それがいつしか「今日はこんな事があった」とか・・・「顔を見たくなったから」とかつまらない理由で訪ねる事が多くなってきた。

だんだん理由をつけるのも煩わしくなって、「ガリュに会いたくなったんだ。」
それだけで彼女は笑って戸を開けてくれた。


横でオレの腕のメンテナンスをしているガリュはきれいだった。
ずっと見ていて見飽きるということがない。彼女の瞼が伏せられ、まつげが肌に影を落とす時とか、唇が微妙に動き、艶がきらきら移動するときとか、指先がドライバーを持って勤勉に動いている所とか。キリがなかったが、見つめても見つめても足りないなんて経験は初めてだった。

(女というのはこんなにきれいなものだったのか。)

今まで話した事のある女と呼べる者は仲間の姉妹達や母親だけだった。要するに自分とそんなに年も変わらないか、またはかなり離れた年齢の女しか見たことがなかった。
ガリュは今まで会った女達の中で一番頭が良くて、しかも美しくて、上品だった。
すべらかな肌に艶のある赤い髪の毛。影が落ちるくらい長いまつげ。袖をまくって剥き出しになった細い腕にどきりとして、思わず視線を上に上げた。
まとめられた赤い髪がシェードのように隠していた柔らかそうな頬は、今はその身をさらけ出して甘い香りを伴っていた。
そしてそれは手を伸ばせば触れられる距離にあって・・・・・・。


(触りてえ・・・)


そんな思いが頭を駆けめぐった瞬間にはっと我に返った。
そんなことを考えていた自分が世界で一番下品に感じた。
ガリュに触れてはいけない、誰に言われた訳でもないのにそんな約束事が自分の頭の中にはあった。
彼女に触れた瞬間に、この想いを口に出した瞬間に、この時間が壊れてしまうのが怖かったのだ。
敵を倒したりキズを負ったり、おやっさんから殴られるのは怖くもなんともなかったと言うのに今思うと笑えてしょうがない。
臆病なようだが、あの時はずっとこうして彼女を見つめているだけでかまわなかった。
それ以上望む事はなかった。


「何?」
「いや、なんでもないよ・・・。ガリュ。」   
ガリュはくすくす笑いながら、ドライバーやらなにやらかちかちといじくり回している。
彼女が後れ毛をかき上げるたびに良い香りがするのもわかった。
いつもは花の香りだが、今日は何か違う。

「ガリュ、この香りはなんなんだ。新作なのか?」
「気が付いた!?」
彼女は小さな小瓶を取り出して、にーっと笑った。
側のロボットの目から光が出て、酸味が強い果実が空中をモニタ代わりにして映し出される。
「柑橘類メインの香りなの。
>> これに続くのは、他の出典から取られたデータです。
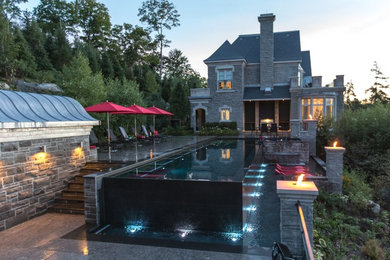 Design ideas for a transitional full sun hillside stone water fountain landscape in Toronto.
いっつも花から香料を取ってたから・・・どうかな?」
「いい香りだよ。」
「えへへ・・・。ありがとう。スプラが最初よ、この香りを試した奴。ユニセックスな感じでいいかなあ、って思ったの。」
自分が作った香りをホメられてにっこり笑う彼女は、屈託がなくてまるで子供のようだった。
普段が知識量の豊富な大人の女性だというのに、こんな時は自分と同じくらいの少女に見えた。

不思議なひとだ。子供のようで大人の女性で、男のようで女であって。
ほんとに不思議なひとだ。


ひとを好きになるというのは、楽しいものだとずっと思っていた。
かけがえのない仲間達、戦闘中に背中を任せる事ができるおやっさん、オレを冷やかし混じりでおしゃべりの相手につき合わせる大人達。
そいつらの事は好きだったが、ガリュに感じる『好き』とはまた別物だった。


こういうのが『恋する』って事なのだと自覚し始めた頃、おやっさんがオレの腕をひっぱって皆の集まるたまり場へ連れて行った。





見たことない機械と銃を手にしている真剣な皆の顔。
どうしたんだ?と言おうとしたオレの口を塞いで、(しゃべるな、読唇術を教えただろ)とおやっさんが口を開く。
(一体どうしたんだ?)
(いいから・・・おい、もってこい。)
誰かが機械を持ってきて、コードの付いた棒のスイッチをかちりと付ける。するとそれがぼんやりと光り、おやっさんはオレの義肢を撫でるように棒を動かした。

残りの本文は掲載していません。